Darn... I was hoping this was going to be an R5 w/beta firmware used with a Ninja V+ preview.


----------



## SilverBox (Aug 9, 2021)

Using the Ninja V+ you can get Prores 8k and work around the overheating issues


----------



## Bdbtoys (Aug 9, 2021)

SilverBox said:


> Using the Ninja V+ you can get Prores 8k and work around the overheating issues



Not currently. That's the promise from Atomos... but no one has seen it yet.


----------



## SonicStudios (Aug 9, 2021)

I heard the firmware update was going to be released earlier than the promised August 18th RUMORED date. Counting down the days till August 17th!!! It will probably coincide with my delivery of the RF 100 2.8 that I preorder what seems like a year ago, not to mention my Ninja V+ is gathering dust waiting for the update, thought about putting the + with my V on my DJI RS2, making side view mirrors hahahahahahahah


----------



## RayValdez360 (Aug 9, 2021)

SonicStudios said:


> I heard the firmware update was going to be released earlier than the promised August 18th RUMORED date. Counting down the days till August 17th!!! It will probably coincide with my delivery of the RF 100 2.8 that I preorder what seems like a year ago, not to mention my Ninja V+ is gathering dust waiting for the update, thought about putting the + with my V on my DJI RS2, making side view mirrors hahahahahahahah


where did you get your RF100 because I pre-ordered mine in july and still dont have it.


----------



## Otara (Aug 9, 2021)

When I watch it from 30cm on my 120 inch 8k TV, the upper left corner looks ever so slightly soft compared to the lower right corner. Not impressed.


----------



## Jethro (Aug 10, 2021)

Otara said:


> When I watch it from 30cm on my 120 inch 8k TV, the upper left corner looks ever so slightly soft compared to the lower right corner.

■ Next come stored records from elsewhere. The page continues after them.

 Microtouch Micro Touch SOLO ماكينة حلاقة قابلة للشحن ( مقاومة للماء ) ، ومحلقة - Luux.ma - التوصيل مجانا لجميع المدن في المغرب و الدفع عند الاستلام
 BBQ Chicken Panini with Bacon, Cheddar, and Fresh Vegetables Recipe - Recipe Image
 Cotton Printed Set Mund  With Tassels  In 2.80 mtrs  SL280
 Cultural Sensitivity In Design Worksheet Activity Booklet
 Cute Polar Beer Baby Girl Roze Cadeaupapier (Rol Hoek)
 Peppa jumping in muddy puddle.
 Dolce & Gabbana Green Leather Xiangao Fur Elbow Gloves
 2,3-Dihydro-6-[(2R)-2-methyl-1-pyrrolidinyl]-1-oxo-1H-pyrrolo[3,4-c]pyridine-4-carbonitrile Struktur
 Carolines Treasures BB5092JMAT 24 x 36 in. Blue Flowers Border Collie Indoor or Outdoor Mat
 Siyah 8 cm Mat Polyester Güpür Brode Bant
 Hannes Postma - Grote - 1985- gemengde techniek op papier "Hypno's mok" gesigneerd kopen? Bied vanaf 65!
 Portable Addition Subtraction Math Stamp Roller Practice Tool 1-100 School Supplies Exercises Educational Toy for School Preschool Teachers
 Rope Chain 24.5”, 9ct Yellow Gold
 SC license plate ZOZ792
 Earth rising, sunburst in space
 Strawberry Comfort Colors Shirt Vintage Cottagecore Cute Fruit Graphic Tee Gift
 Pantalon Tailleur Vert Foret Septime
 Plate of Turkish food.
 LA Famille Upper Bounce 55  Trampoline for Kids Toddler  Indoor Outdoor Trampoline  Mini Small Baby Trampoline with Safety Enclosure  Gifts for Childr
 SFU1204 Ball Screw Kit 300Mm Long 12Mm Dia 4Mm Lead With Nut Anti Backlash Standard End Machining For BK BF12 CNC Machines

Not impressed.


But the important Q: does it cause your 8k TV to overheat?


----------



## SonicStudios (Aug 10, 2021)

Jethro said:


> But the important Q: does it cause your 8k TV to overheat?


Yes, but from most of the articles i've read, it seems to be affecting Sony TV's only


----------



## sanj (Aug 10, 2021)

I adore the 8k quality.


----------



## Otara (Aug 10, 2021)

Jethro said:


> But the important Q: does it cause your 8k TV to overheat?


 No, the 30 minute pauses on my internet to download each 15 seconds gives plenty of time to let it recover.


----------



## Deleted member 381342 (Aug 10, 2021)

It looks good. And to note the playback on 8k was smooth as butter on my M1 Mac mini with a 1 Gbps connection (ethernet not WiFI).


----------



## SilverBox (Aug 10, 2021)

Bdbtoys said:


> Not currently. That's the promise from Atomos... but no one has seen it yet.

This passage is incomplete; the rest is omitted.